- **SUPPLIED RECORDS**
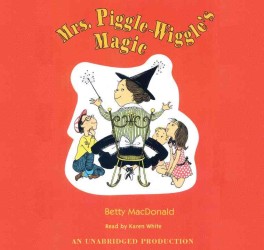 Mrs. Piggle-Wiggle's Magic (3-Volume Set) : Library Edition (Mrs. Piggle-wiggle) （Unabridged）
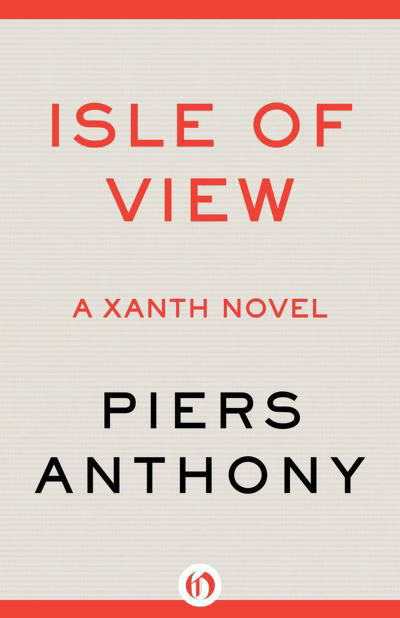 Isle of View - The Xanth Novels - Piers Anthony - Kirjat - Open Road Media - 9781504089487 - perjantai 31. toukokuuta 2024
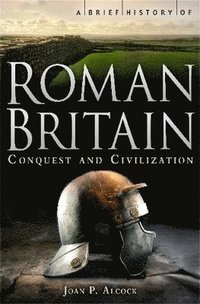 bokomslag A Brief History of Roman Britain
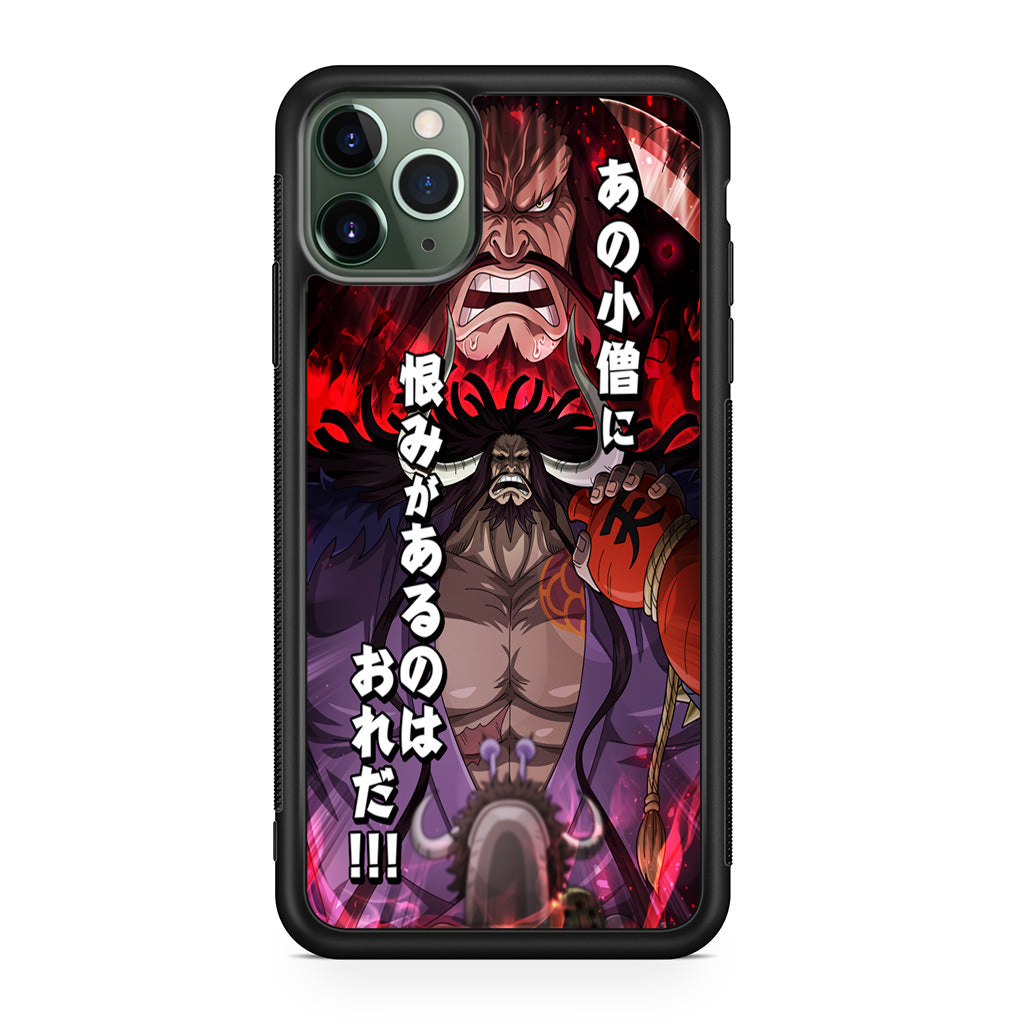 I Have A Grudge Kaido iPhone 11 Pro Max Case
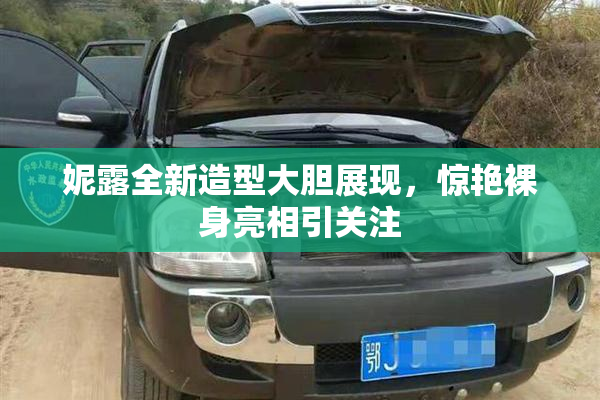 妮露全新造型大胆展现，惊艳裸身亮相引关注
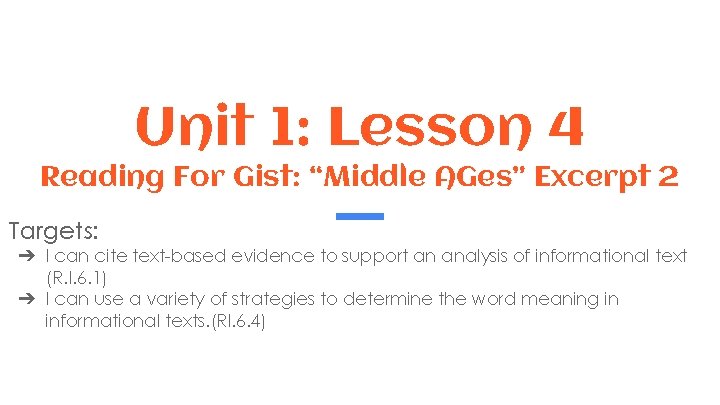 Unit 1: Lesson 4 Reading For Gist: “Middle AGes” Excerpt 2 Targets: ➔ I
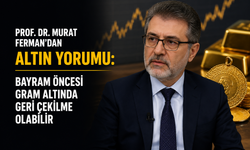 Prof. Dr. Murat Ferman’dan Altın Yorumu: Bayram Öncesi Gram Altında Geri Çekilme Olabilir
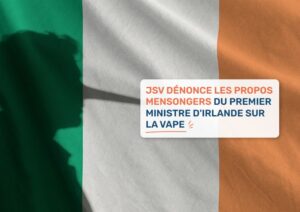 JSV dénonce les propos mensongers du Premier ministre d'Irlande sur la vape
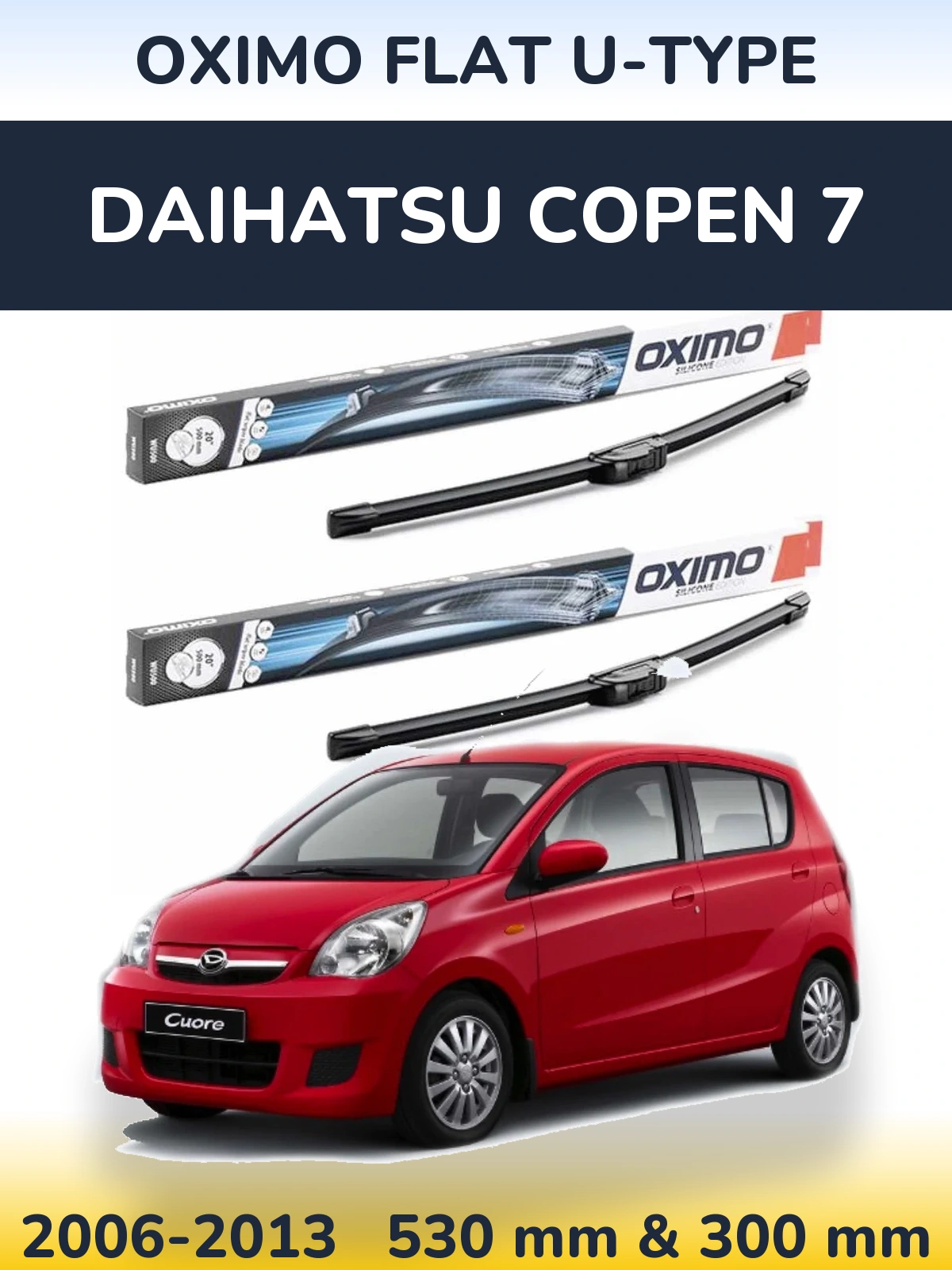 Комплект передніх щіток Oximo Flat U-type 530 & 300 мм для Daihatsu Copen 7 2006-2013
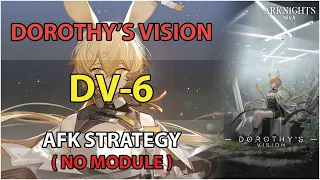 [Arknights] DV-6 AFK Simple Strategy (No Module) | Dorothy's Vision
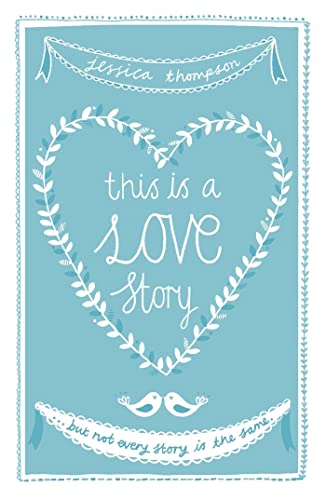 Stock image for This Is a Love Story for sale by Blackwell's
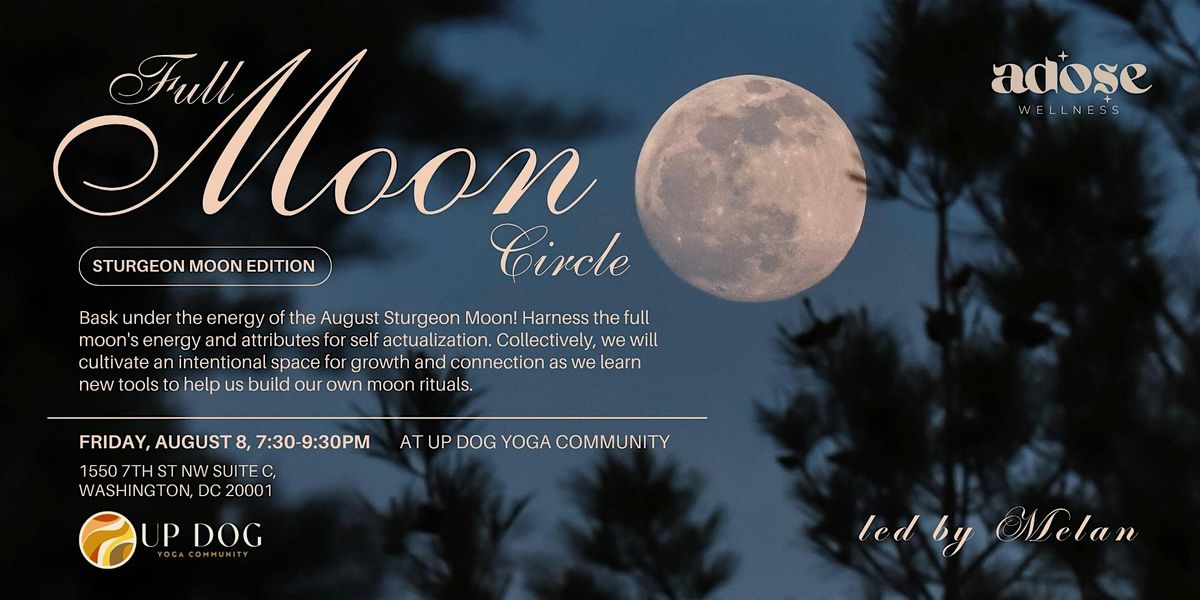 Full Moon Circle: Sturgeon Moon Edition, 8 August | Event in Washington | AllEvents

- **REQUIREMENT**
Copy nothing outside the span: please output the lines from the one with "bokomslag A Brief History of Roman Britain" through the end of the entries above, and skip the pictures.

- **RESPONSE FOR THIS EXERCISE**
 bokomslag A Brief History of Roman Britain
 I Have A Grudge Kaido iPhone 11 Pro Max Case
 妮露全新造型大胆展现，惊艳裸身亮相引关注
 Unit 1: Lesson 4 Reading For Gist: “Middle AGes” Excerpt 2 Targets: ➔ I
 Prof. Dr. Murat Ferman’dan Altın Yorumu: Bayram Öncesi Gram Altında Geri Çekilme Olabilir
 JSV dénonce les propos mensongers du Premier ministre d'Irlande sur la vape
 Комплект передніх щіток Oximo Flat U-type 530 & 300 мм для Daihatsu Copen 7 2006-2013
 [Arknights] DV-6 AFK Simple Strategy (No Module) | Dorothy's Vision
 Stock image for This Is a Love Story for sale by Blackwell's
 Full Moon Circle: Sturgeon Moon Edition, 8 August | Event in Washington | AllEvents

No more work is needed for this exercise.